## Data under study:
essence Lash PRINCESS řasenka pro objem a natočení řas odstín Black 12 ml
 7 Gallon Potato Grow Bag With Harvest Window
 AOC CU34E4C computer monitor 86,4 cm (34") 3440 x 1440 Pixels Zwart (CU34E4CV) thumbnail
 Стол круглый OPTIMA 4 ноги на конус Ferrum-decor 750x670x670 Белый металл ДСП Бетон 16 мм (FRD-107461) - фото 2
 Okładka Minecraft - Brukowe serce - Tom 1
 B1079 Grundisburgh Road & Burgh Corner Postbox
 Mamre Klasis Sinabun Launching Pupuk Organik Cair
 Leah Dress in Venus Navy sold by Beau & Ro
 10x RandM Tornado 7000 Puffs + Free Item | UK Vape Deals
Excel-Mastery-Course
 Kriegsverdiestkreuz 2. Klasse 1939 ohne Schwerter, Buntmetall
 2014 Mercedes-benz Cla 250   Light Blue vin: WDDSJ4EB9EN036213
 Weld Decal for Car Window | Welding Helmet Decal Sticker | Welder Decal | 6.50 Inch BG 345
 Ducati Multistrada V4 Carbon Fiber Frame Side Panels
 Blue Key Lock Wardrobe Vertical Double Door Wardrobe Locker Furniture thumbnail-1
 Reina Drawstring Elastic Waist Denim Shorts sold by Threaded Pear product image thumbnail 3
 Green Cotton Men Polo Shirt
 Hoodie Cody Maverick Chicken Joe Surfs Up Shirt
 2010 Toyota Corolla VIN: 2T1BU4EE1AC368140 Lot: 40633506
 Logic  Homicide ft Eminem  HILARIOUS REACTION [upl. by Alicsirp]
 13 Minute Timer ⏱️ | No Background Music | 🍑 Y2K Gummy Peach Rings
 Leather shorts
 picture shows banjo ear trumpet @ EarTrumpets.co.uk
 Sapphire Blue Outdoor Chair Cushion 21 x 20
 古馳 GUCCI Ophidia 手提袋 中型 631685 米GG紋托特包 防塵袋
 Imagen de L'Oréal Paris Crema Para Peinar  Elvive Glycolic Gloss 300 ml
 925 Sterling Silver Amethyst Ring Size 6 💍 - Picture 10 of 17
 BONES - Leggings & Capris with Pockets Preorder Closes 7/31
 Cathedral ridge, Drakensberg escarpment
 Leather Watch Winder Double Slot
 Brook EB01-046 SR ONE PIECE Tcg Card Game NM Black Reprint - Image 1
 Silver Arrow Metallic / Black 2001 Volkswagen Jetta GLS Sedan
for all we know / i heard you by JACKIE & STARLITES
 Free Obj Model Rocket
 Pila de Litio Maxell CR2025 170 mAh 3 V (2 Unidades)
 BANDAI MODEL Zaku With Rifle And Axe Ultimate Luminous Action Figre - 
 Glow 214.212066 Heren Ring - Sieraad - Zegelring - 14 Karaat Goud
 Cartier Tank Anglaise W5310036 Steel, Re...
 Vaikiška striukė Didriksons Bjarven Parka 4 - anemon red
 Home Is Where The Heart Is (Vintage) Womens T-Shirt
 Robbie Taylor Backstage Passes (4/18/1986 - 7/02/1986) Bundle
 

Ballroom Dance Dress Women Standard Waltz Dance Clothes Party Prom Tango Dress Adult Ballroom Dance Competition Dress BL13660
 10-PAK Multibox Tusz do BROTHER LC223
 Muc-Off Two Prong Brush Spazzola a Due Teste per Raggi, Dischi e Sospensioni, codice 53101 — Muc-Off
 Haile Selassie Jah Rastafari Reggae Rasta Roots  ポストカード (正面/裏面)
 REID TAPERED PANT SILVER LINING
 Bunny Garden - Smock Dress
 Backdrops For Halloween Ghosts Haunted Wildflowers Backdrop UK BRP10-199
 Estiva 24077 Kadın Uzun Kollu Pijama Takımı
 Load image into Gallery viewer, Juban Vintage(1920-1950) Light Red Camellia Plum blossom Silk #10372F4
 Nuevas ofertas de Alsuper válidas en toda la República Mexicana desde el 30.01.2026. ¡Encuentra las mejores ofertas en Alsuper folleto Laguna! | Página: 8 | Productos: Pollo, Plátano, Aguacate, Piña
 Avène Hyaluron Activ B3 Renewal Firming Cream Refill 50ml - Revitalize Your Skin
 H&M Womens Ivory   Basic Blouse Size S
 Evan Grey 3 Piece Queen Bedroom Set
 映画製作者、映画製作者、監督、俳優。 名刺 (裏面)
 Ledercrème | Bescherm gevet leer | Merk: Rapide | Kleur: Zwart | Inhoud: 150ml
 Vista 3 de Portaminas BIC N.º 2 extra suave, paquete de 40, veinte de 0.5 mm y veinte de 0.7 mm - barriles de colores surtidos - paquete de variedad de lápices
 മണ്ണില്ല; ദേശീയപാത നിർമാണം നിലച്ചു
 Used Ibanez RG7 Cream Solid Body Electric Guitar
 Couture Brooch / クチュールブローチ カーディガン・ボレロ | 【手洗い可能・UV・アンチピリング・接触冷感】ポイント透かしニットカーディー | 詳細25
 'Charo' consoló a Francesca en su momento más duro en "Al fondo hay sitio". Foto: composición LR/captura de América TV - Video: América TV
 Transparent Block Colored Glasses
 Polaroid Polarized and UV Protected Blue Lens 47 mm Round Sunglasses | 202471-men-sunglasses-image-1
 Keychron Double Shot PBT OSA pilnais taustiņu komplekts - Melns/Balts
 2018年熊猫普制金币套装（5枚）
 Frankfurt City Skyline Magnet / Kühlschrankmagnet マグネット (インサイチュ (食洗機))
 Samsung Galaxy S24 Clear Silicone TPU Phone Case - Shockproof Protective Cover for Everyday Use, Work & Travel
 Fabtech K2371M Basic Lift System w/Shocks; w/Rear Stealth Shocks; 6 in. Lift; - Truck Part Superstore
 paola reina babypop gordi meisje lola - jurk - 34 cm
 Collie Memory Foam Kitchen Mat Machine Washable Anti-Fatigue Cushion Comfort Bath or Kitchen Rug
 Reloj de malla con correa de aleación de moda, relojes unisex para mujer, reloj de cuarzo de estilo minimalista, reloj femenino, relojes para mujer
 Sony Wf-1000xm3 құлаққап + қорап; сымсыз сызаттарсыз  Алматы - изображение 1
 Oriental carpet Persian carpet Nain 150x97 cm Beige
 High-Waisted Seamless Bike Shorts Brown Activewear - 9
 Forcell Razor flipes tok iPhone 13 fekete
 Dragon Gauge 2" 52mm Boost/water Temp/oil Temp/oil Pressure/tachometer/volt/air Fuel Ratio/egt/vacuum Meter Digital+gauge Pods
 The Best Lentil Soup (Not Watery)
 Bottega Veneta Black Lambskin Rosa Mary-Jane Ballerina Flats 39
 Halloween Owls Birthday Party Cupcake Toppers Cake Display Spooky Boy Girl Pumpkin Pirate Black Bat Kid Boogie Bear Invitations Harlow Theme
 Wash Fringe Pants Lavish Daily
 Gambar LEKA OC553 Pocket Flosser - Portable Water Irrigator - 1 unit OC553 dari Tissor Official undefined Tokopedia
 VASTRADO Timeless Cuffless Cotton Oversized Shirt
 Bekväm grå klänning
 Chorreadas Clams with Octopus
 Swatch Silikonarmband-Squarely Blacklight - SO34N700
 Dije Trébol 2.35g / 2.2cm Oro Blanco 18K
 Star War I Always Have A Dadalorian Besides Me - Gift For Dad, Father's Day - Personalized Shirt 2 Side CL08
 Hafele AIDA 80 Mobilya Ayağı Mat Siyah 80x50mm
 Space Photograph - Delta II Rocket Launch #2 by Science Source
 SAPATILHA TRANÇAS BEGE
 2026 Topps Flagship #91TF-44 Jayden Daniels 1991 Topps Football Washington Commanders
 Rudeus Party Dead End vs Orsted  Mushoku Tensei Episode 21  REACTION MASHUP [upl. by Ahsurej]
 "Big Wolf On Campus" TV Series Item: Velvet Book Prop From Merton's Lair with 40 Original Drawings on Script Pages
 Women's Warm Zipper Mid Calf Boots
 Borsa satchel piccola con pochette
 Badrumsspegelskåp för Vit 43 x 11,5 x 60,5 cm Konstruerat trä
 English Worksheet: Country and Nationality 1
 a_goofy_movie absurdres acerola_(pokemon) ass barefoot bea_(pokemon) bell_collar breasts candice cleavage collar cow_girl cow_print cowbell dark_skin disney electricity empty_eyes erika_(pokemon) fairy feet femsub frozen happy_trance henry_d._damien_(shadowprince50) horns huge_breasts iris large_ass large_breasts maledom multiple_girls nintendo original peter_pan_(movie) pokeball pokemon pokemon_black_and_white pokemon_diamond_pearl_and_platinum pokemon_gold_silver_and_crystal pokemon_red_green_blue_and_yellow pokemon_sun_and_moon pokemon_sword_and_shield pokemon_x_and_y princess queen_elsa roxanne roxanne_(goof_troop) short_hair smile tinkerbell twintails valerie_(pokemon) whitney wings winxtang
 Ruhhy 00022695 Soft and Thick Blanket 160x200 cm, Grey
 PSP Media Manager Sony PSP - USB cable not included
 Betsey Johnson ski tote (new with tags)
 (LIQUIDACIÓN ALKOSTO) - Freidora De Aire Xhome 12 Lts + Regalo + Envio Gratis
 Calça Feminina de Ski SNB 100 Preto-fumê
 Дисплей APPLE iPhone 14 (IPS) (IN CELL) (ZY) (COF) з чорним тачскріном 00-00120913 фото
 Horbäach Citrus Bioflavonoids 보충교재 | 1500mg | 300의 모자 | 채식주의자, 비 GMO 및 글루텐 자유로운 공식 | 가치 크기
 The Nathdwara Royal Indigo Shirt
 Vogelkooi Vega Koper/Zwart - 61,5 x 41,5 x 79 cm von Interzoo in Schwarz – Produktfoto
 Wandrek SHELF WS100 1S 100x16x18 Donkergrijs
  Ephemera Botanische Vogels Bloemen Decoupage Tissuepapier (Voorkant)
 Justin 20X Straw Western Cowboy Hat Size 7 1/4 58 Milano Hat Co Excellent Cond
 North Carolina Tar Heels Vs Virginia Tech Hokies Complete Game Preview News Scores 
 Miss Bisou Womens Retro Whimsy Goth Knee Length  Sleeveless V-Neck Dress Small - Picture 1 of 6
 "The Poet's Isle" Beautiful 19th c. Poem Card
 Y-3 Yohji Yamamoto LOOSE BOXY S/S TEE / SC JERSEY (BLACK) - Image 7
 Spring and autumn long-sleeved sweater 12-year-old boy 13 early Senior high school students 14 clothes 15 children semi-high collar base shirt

## Exercise objective:
Wherever the string "Free" appears in the records, copy the whole line.

## Finished task:
 10x RandM Tornado 7000 Puffs + Free Item | UK Vape Deals
 Free Obj Model Rocket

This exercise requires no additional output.